After completing all work, confirm:

  1. This spec has been saved to .sdd/specification/spec-0003-external-secrets-operator.md
  2. k8s/external-secrets/ exists with exactly 4 files: namespace.yaml, helmrepository.yaml, helmrelease.yaml, clustersecretstore.yaml
  3. The HelmRepository points to https://charts.external-secrets.io
  4. The HelmRelease installs chart external-secrets with a valid semver range, crds: CreateReplace, and installCRDs: true
  5. The ClusterSecretStore uses authType: ManagedIdentity with vaultUrl: "https://kv-kevinryan-io.vault.azure.net/"
  6. k8s/flux-system/external-secrets-sync.yaml exists and follows the same pattern as kevinryan-io-sync.yaml (path ./k8s/external-secrets, sourceRef to flux-system GitRepository)
  7. k8s/flux-system/kustomization.yaml includes external-secrets-sync.yaml in its resources list
  8. No Terraform files were modified
  9. pnpm lint passes (no site code changed, but confirm no regressions)
  10. The provenance record exists at .sdd/provenance/spec-0003-external-secrets-operator.provenance.md and contains all required sections
  11. All files (spec, K8s manifests, provenance) are committed together

Post-merge validation (manual, performed by the operator after Flux reconciles)

Section titled “Post-merge validation (manual, performed by the operator after Flux reconciles)”

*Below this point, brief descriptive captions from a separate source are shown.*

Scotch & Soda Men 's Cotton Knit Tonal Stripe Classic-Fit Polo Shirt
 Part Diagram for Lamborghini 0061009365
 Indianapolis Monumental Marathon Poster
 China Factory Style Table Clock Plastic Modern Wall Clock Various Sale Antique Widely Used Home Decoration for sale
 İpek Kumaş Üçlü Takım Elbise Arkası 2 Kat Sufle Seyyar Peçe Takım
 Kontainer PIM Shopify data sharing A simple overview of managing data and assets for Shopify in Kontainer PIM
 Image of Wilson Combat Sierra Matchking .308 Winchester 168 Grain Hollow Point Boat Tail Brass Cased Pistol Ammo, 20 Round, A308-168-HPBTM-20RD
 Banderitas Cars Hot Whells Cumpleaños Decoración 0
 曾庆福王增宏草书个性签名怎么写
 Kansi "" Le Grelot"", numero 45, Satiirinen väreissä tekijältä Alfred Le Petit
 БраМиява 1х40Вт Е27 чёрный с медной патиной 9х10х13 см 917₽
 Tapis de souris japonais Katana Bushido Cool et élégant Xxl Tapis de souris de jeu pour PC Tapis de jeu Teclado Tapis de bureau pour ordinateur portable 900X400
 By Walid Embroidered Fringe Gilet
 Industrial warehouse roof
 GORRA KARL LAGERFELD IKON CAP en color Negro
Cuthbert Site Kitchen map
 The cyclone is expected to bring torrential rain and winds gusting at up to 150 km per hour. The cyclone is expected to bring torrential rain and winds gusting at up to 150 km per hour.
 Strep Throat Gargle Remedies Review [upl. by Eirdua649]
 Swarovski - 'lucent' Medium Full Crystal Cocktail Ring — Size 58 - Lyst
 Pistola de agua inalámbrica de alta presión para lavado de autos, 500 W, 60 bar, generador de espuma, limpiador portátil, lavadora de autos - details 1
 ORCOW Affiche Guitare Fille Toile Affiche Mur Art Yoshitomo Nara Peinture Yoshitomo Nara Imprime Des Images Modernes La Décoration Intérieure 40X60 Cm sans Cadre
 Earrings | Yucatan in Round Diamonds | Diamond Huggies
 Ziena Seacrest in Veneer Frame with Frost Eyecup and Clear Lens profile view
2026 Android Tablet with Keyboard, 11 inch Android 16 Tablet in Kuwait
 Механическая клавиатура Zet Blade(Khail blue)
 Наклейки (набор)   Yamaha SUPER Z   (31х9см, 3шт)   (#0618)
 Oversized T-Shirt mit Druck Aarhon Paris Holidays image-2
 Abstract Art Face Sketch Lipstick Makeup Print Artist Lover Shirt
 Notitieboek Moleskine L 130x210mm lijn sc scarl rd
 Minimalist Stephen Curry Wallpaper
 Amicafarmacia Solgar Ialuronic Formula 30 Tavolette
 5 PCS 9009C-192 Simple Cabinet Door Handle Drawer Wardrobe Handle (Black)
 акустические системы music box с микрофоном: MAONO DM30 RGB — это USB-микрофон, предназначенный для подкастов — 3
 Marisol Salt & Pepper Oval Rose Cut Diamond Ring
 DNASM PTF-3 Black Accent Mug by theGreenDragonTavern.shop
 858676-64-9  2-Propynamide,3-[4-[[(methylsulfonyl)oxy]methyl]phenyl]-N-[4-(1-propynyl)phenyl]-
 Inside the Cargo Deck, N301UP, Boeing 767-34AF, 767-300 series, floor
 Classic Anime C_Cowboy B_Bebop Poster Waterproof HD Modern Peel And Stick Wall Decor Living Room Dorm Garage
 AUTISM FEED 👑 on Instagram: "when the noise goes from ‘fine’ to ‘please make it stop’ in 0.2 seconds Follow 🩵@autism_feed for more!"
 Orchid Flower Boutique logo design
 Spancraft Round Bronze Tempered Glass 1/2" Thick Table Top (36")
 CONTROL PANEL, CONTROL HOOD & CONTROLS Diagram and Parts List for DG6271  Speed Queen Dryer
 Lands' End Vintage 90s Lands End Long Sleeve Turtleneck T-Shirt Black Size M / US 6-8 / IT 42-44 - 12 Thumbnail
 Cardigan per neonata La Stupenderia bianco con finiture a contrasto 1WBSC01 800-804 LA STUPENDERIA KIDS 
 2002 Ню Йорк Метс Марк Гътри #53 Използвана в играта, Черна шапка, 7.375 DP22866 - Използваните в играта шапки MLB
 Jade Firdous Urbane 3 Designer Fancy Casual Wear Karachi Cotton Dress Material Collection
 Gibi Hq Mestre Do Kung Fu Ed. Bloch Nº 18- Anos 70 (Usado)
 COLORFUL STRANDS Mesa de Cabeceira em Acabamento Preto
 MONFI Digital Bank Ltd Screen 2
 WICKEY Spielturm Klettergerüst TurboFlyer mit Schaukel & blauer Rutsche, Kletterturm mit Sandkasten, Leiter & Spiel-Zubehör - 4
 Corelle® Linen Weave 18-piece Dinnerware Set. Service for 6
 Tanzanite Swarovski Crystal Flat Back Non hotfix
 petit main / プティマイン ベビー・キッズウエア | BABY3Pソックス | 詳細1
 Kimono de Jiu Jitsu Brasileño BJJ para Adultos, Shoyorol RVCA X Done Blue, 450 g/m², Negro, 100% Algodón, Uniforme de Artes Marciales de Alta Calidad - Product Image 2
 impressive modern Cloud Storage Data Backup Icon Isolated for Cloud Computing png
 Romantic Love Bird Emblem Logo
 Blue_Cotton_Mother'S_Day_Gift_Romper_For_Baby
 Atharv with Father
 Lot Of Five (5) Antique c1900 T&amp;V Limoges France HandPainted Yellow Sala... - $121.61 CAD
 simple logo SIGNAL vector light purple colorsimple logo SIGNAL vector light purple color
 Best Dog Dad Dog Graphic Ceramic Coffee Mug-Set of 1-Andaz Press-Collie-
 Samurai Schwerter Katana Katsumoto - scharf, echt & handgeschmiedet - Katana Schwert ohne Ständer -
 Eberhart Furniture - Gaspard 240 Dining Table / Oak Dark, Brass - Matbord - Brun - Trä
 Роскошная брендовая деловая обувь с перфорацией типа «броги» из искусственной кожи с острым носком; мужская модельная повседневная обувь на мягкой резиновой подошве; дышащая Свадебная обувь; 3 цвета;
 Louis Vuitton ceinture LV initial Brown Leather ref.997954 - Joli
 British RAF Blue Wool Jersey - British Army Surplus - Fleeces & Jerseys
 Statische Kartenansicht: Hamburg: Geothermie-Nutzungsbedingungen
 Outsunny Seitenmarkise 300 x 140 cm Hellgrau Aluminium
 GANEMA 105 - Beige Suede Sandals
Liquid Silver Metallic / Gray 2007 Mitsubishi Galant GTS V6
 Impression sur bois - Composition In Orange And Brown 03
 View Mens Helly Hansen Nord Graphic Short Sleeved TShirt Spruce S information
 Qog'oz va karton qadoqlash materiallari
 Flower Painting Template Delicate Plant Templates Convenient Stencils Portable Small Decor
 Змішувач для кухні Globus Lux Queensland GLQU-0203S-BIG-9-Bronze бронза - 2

These are verification commands to run from node1 after merging to main and waiting for Flux to reconcile:

Terminal window
# Check ESO pods are running
kubectl get pods -n external-secrets
# Check HelmRelease status
kubectl get helmrelease -n external-secrets
# Check ClusterSecretStore health (may take a few minutes after ESO starts)
kubectl get clustersecretstore azure-keyvault
# Detailed status — should show "Valid" or "SecretSynced"
kubectl describe clustersecretstore azure-keyvault
# Quick end-to-end test: create a temporary ExternalSecret to verify Key Vault access
kubectl apply -f - <<'EOF'
apiVersion: external-secrets.io/v1
kind: ExternalSecret
metadata:
name: test-kv-access
namespace: external-secrets
spec:
refreshInterval: 1m
secretStoreRef:
kind: ClusterSecretStore
name: azure-keyvault
target:
name: test-kv-access
creationPolicy: Owner
data:
- secretKey: pg-fqdn
remoteRef:
key: pg-fqdn
EOF
# Wait 30 seconds, then check
kubectl get externalsecret test-kv-access -n external-secrets
kubectl get secret test-kv-access -n external-secrets -o jsonpath='{.data.pg-fqdn}' | base64 -d
# Clean up test resources
kubectl delete externalsecret test-kv-access -n external-secrets

The pg-fqdn value should decode to psql-kevinryan-io.postgres.database.azure.com.